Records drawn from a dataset
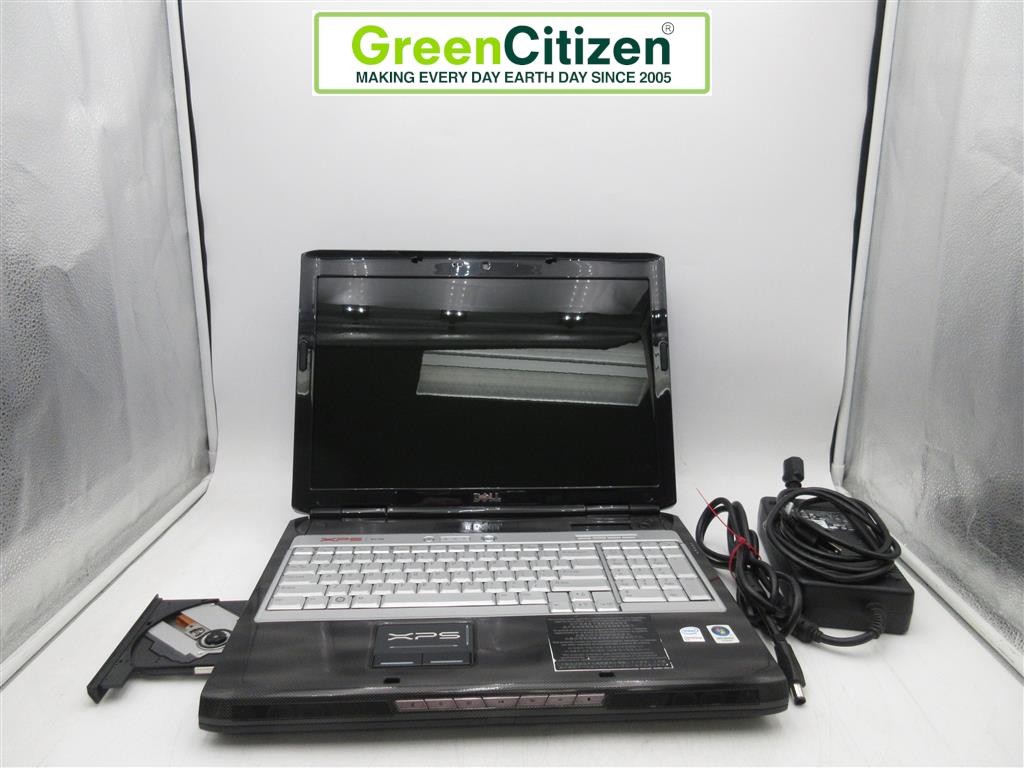 Dell XPS M1730 Core2Duo 4GB 2x 256GB SSD 17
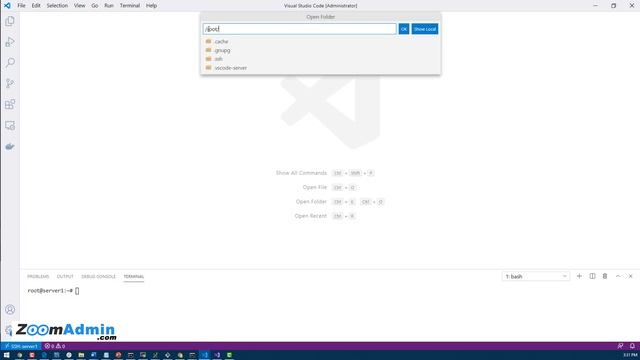 How to Connect Visual Studio Code with VPS Servers to Run Commands and Modify Files смотреть онлайн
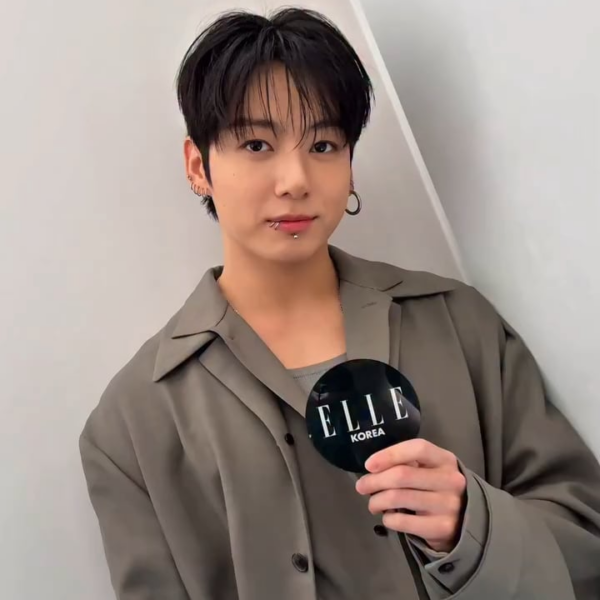 ELLE Korea IG Post (2) feat. Jungkook at Calvin Klein SS26 fashion show - 130925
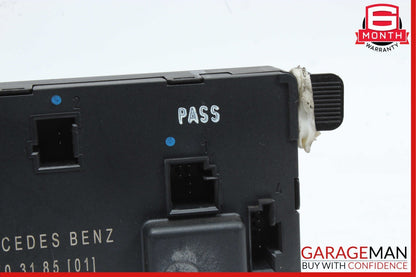 03-09 Mercedes W211 E500 E350 E320 Rear Left Side Door Controller Module Unit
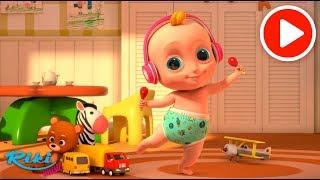 Давайте танцевать - Малыш Джони! Johny Johny - Looby Loo | LooLoo Kids Songs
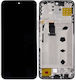 Οθόνη με Μηχανισμό Αφής και Πλαίσιο για Honor X8 4g (Μαύρο)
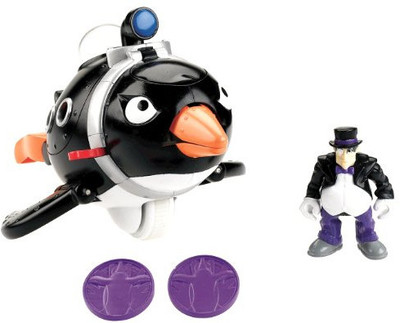 Fisher-Price Super Friends The Penguin Sub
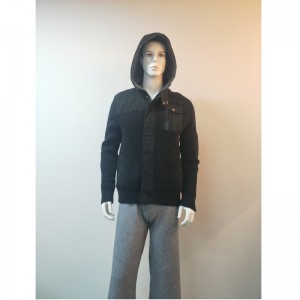 เสื้อกันฝน BLACK HOODED รุ่น RLMS0074F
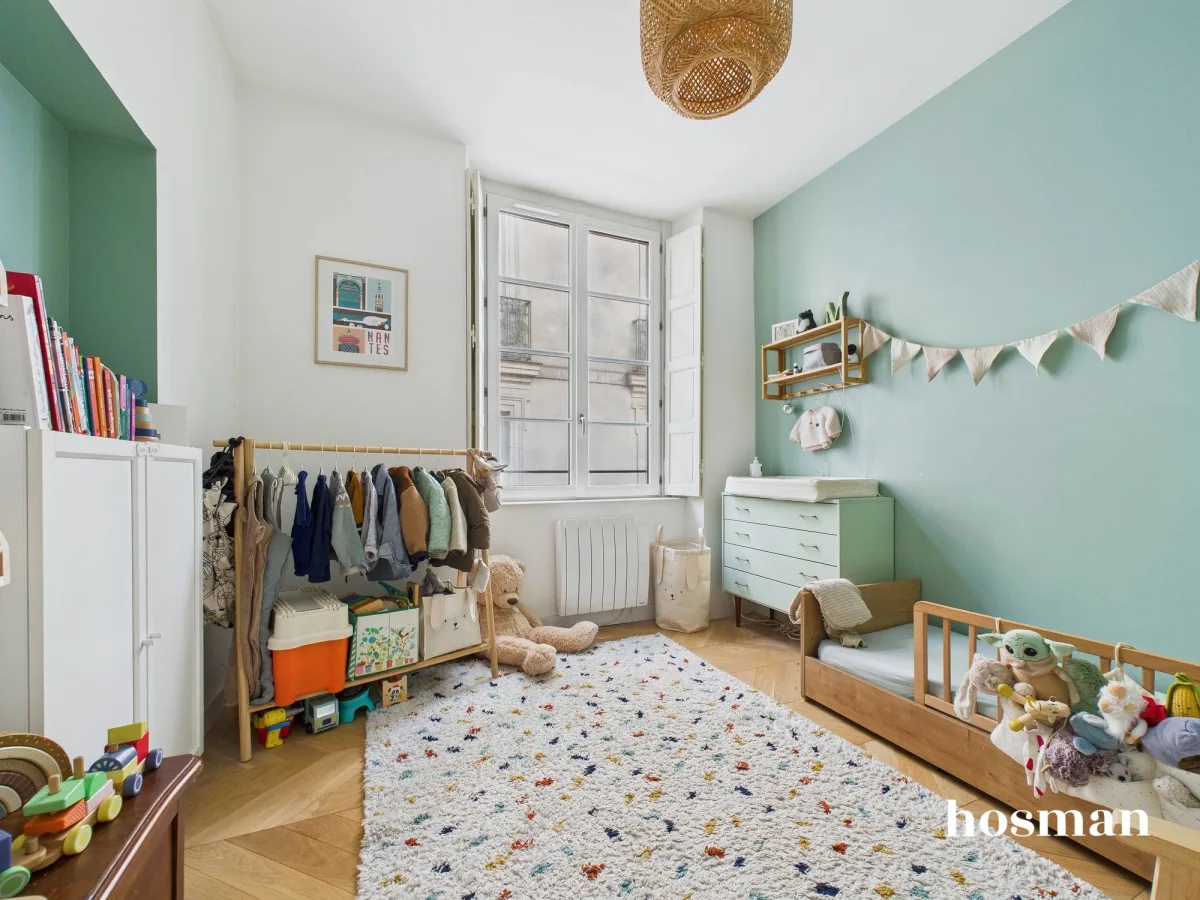 Appartement de 80.7 m² à Nantes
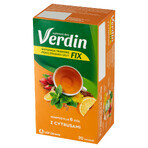 Verdin Fix aux agrumes, 20 sachets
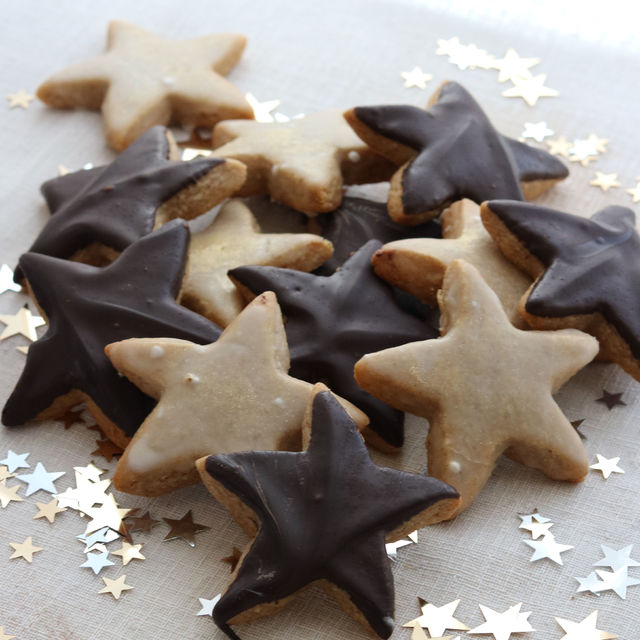 Lebkuchen Stars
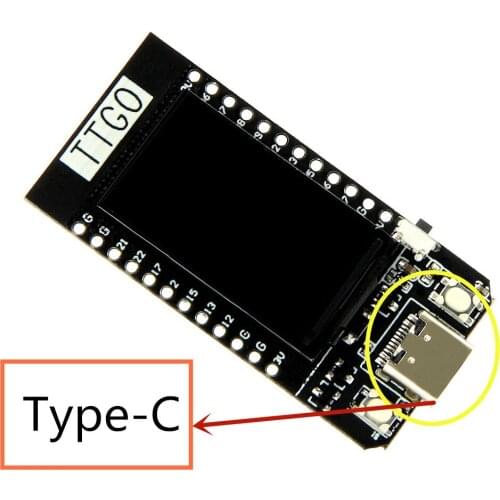 T-Display ESP32WiFi Bluetooth Module 1.14 inch LCD Development Board For Arduino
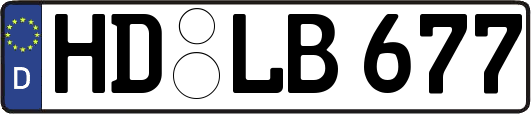 HD-LB677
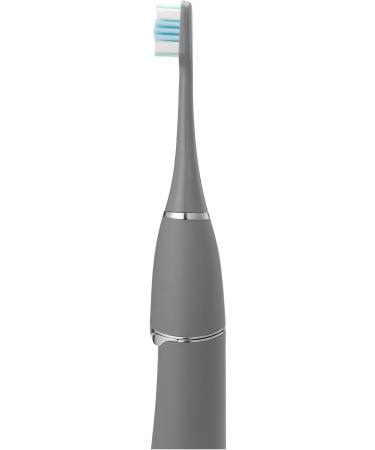 4 Grey Brush Heads for Folding Sonic Electric Toothbrush | Universal Replacement Heads - Buy Online on GoSupps.com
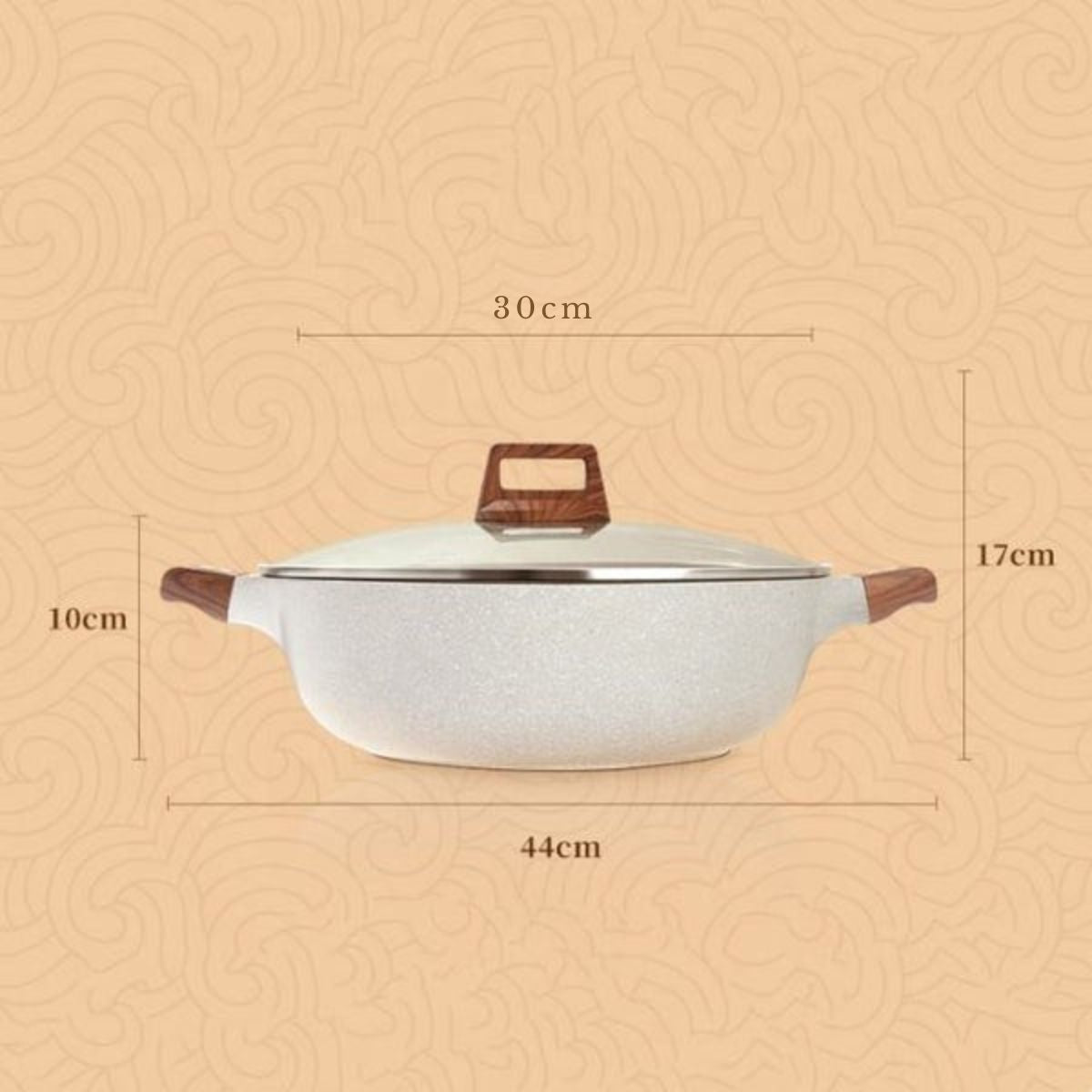 2-in-1 Divided Hot Pot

■ Task details
Transcribe the entries above exactly, from their first line through the line with "T-Display ESP32WiFi Bluetooth", and omit all pictures.

■ Expected answer
 Dell XPS M1730 Core2Duo 4GB 2x 256GB SSD 17
 How to Connect Visual Studio Code with VPS Servers to Run Commands and Modify Files смотреть онлайн
 ELLE Korea IG Post (2) feat. Jungkook at Calvin Klein SS26 fashion show - 130925
 03-09 Mercedes W211 E500 E350 E320 Rear Left Side Door Controller Module Unit
 Давайте танцевать - Малыш Джони! Johny Johny - Looby Loo | LooLoo Kids Songs
 Οθόνη με Μηχανισμό Αφής και Πλαίσιο για Honor X8 4g (Μαύρο)
 Fisher-Price Super Friends The Penguin Sub
 เสื้อกันฝน BLACK HOODED รุ่น RLMS0074F
 Appartement de 80.7 m² à Nantes
 Verdin Fix aux agrumes, 20 sachets
 Lebkuchen Stars
 T-Display ESP32WiFi Bluetooth Module 1.14 inch LCD Development Board For Arduino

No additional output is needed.